# Continuous eigenvalue of n by n matrix

1. May 7, 2006

### ImagineLab

Hello, all,
This is my fisrt time post on this forum, I have this question for long time but people around me couldn't really answer it, hopes I can get the answer from you guys...

Given a complex n by n matrix A, Under what restriction, its eigenvalue(s) is the continuous function of A?

2. May 8, 2006

### J77

What do you mean, "continuous function"?

A general condition for an eigenvalue to be complex?

3. May 8, 2006

### Careful

There are no restrictions whatsoever.
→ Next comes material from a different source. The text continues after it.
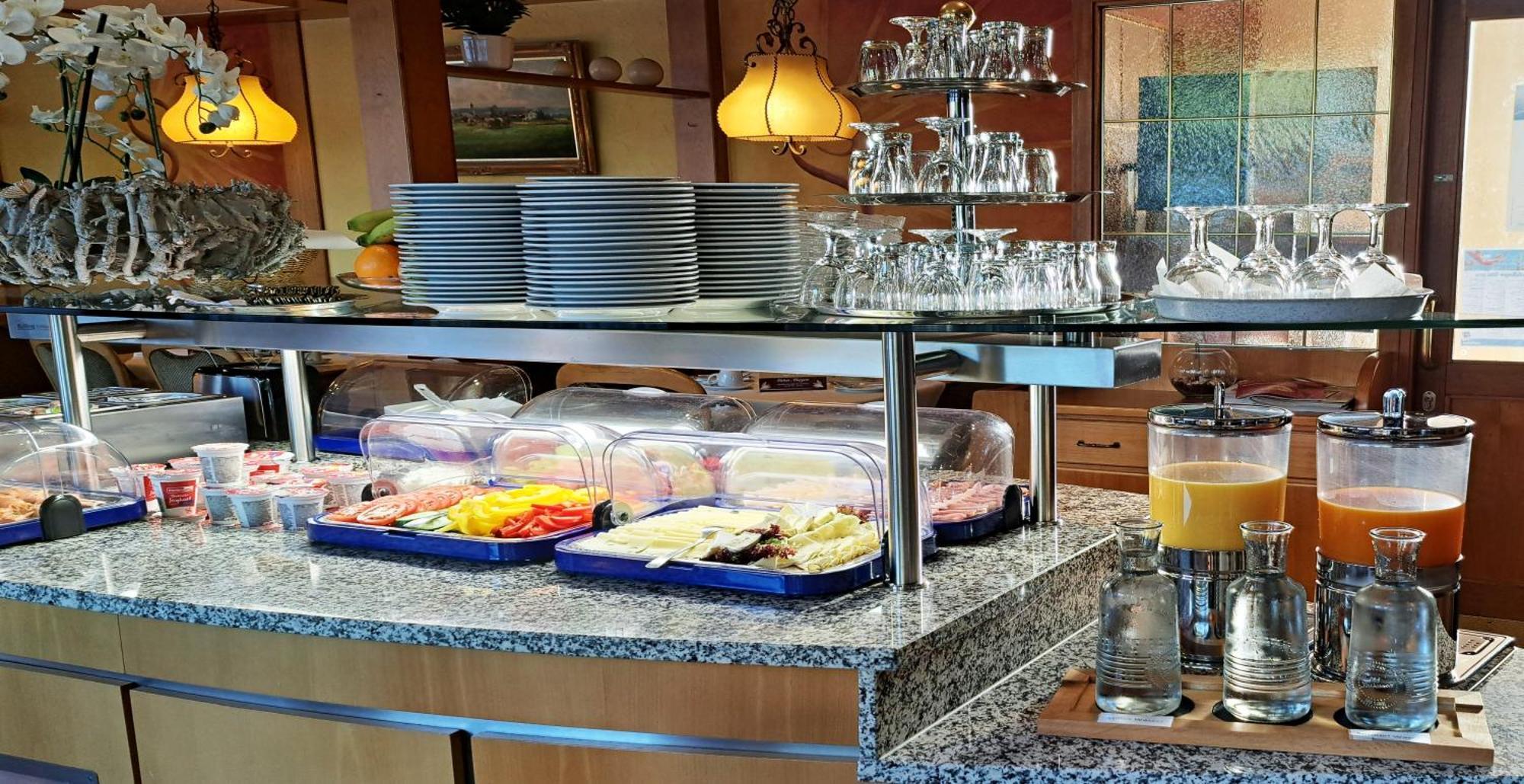 & Restaurant Mainaublick 3*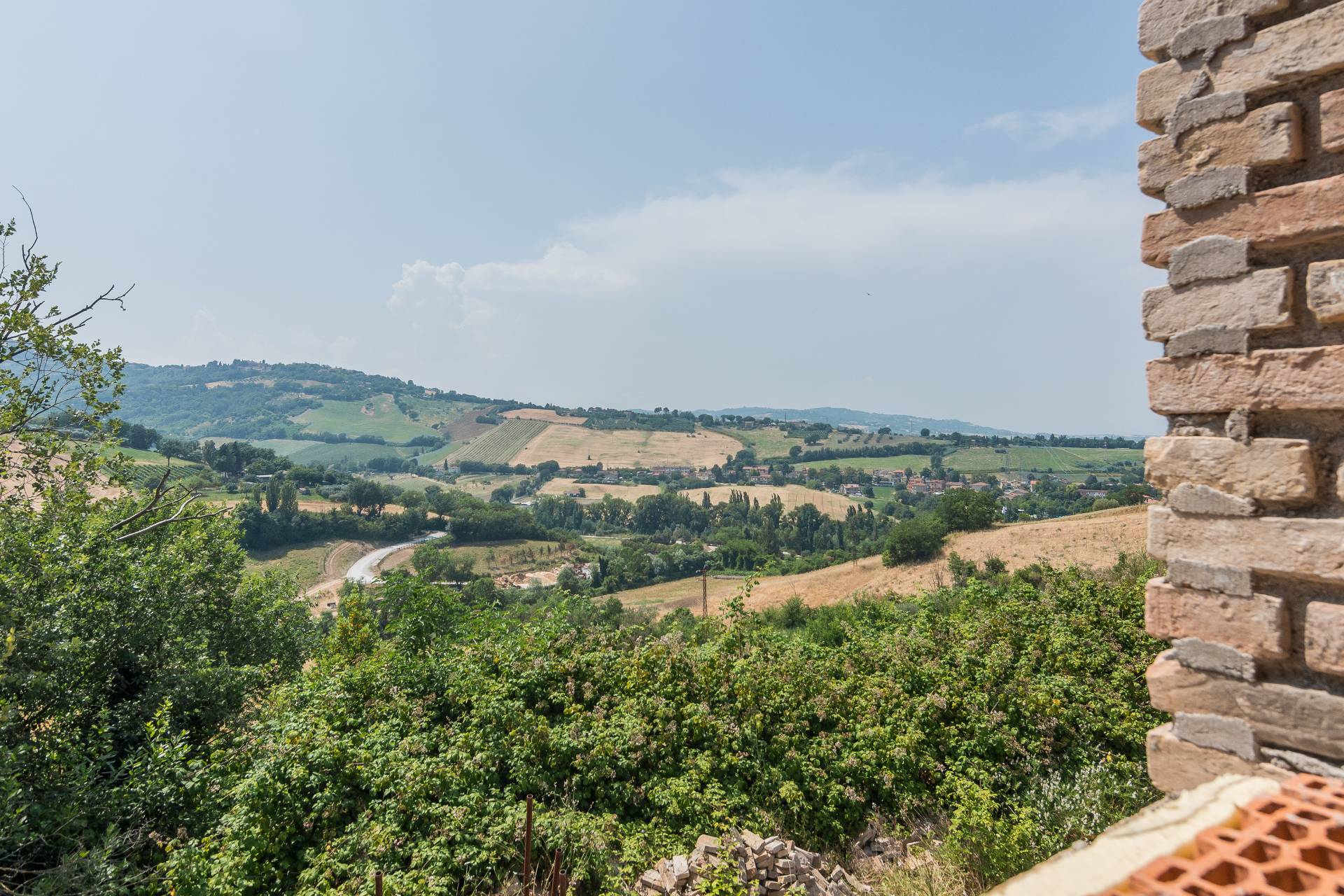 Montelabbate, Pesaro e Urbino, 61025, IT, 4 Bedrooms Bedrooms, ,3 BathroomsBathrooms,Residential,For Sale,1876192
For example, in two dimensions the trace and determinant are continuous functions in the matrix topology and the eigenvalue polynomial is:
x^2 - tr(A)x + det(A) with roots (tr(A) + sqrt(tr(A)^2 - 4 det(A) ) )/2 (here sqrt means `all possible roots´)
The latter are continuous functions (obviously, you have to be careful with the sqrt function).

Cheers,

Careful

Last edited: May 8, 2006
4. May 8, 2006

### mathwonk

well this is correct except the answer may be misleading, i.e. since their ordering is undetermined, the eigenvalues are not functions of the matrix at all ["be careful of the square root"], but the elementary symmetric functions of the eigenvalues, e.g. the trace and determinant, are.

it is the unordered set of eigenvalues that is a continuous function of the matrix, and this is equivalent to saying the elementary symmetric functions of them are continuous.

this is the same question as asking whether the roots of a polynomial are continuous functions of the coefficients.